INSTRUCTIONS TO FOLLOW: None of the pictures should be copied, though every line of the listing must be printed exactly.

****

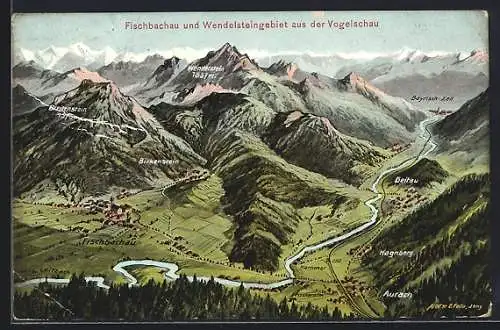 Künstler-AK Eugen Felle: Fischbachau, Ortsansicht und Wendelsteingebiet aus der Vogelschau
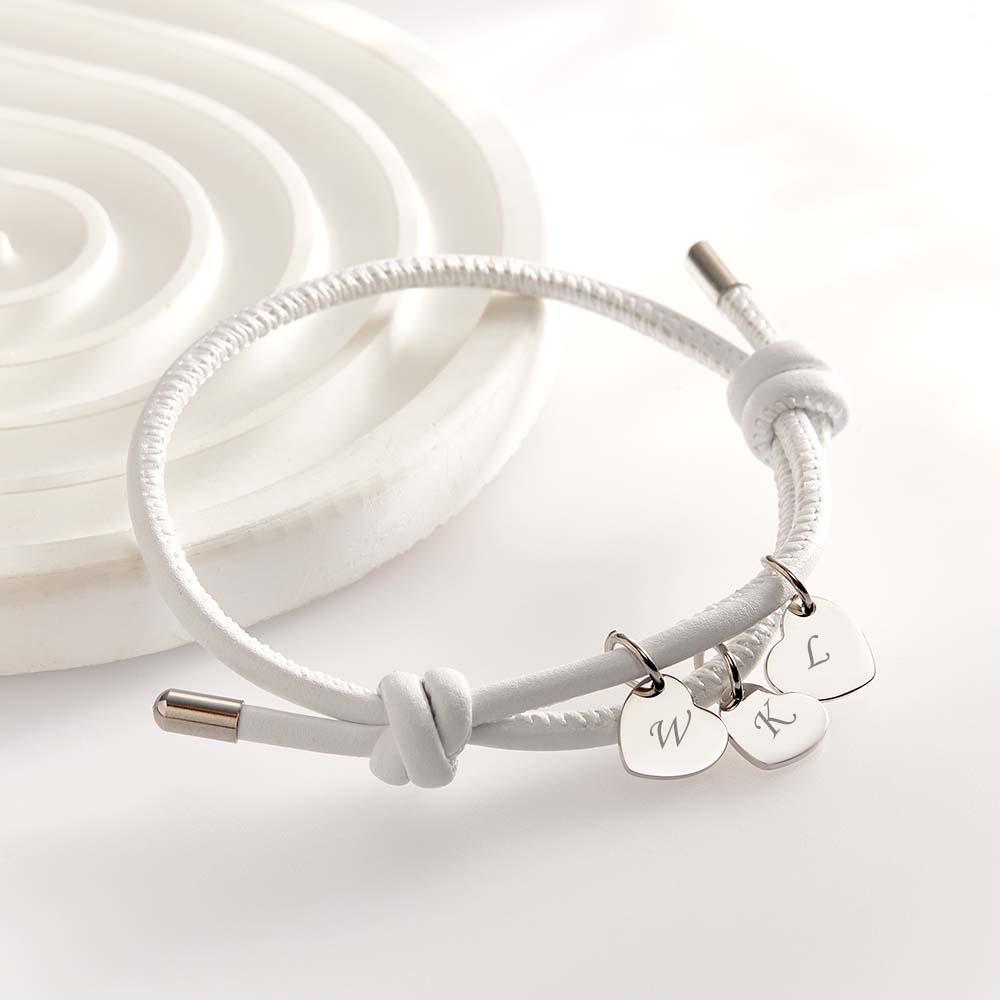 Bracciale In Pelle Inciso Con Pendenti A Cuore Squisito Braccialetto Regolabile Come Regalo Per Gli Amanti - soufeelit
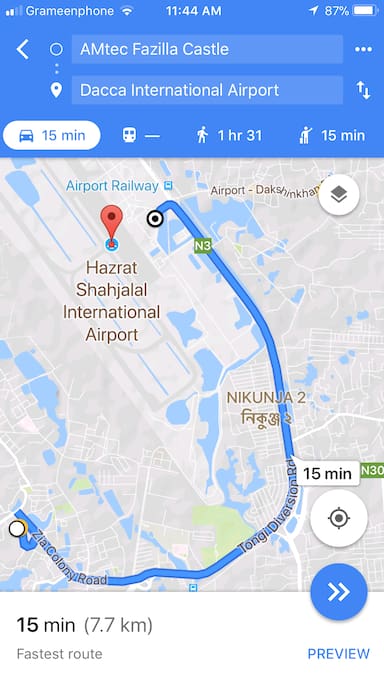 Screenshot Of The Project Location from Hazrat Shahjalal International Airport, Dhaka. Distance 7.7 km in a Oneway Road time Required 15 Minutes.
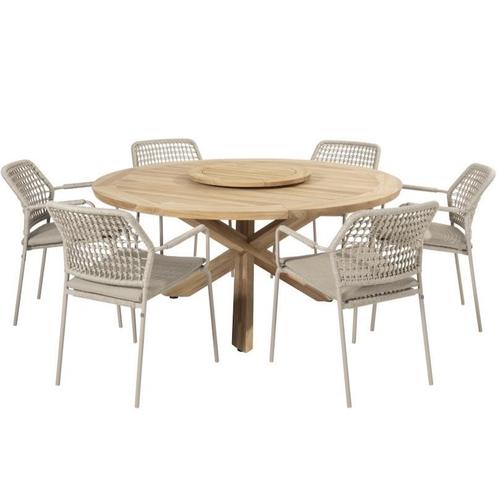 Barista Prado dining tuinset 160 cm rond 7 delig latte teak, Tuin en Terras, Tuinsets en Loungesets, Nieuw, Ophalen of Verzenden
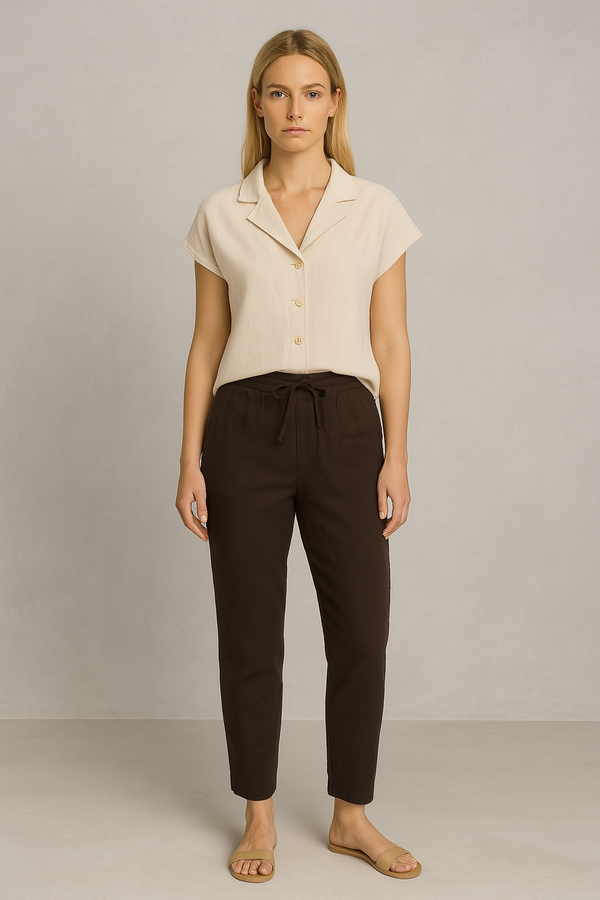 Alian Beli Lastikli %100 Keten Beach Pantolon - KAHVERENGİ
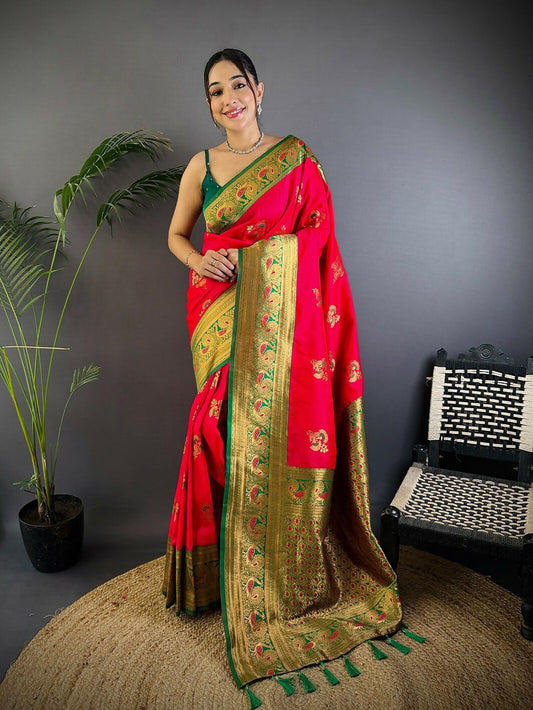 Joban Fashion Banarasi Red Woven Soft Silk Saree | Swadesiicart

****

TASK RESPONSE:
 Künstler-AK Eugen Felle: Fischbachau, Ortsansicht und Wendelsteingebiet aus der Vogelschau
 Bracciale In Pelle Inciso Con Pendenti A Cuore Squisito Braccialetto Regolabile Come Regalo Per Gli Amanti - soufeelit
 Screenshot Of The Project Location from Hazrat Shahjalal International Airport, Dhaka. Distance 7.7 km in a Oneway Road time Required 15 Minutes.
 Barista Prado dining tuinset 160 cm rond 7 delig latte teak, Tuin en Terras, Tuinsets en Loungesets, Nieuw, Ophalen of Verzenden
 Alian Beli Lastikli %100 Keten Beach Pantolon - KAHVERENGİ
 Joban Fashion Banarasi Red Woven Soft Silk Saree | Swadesiicart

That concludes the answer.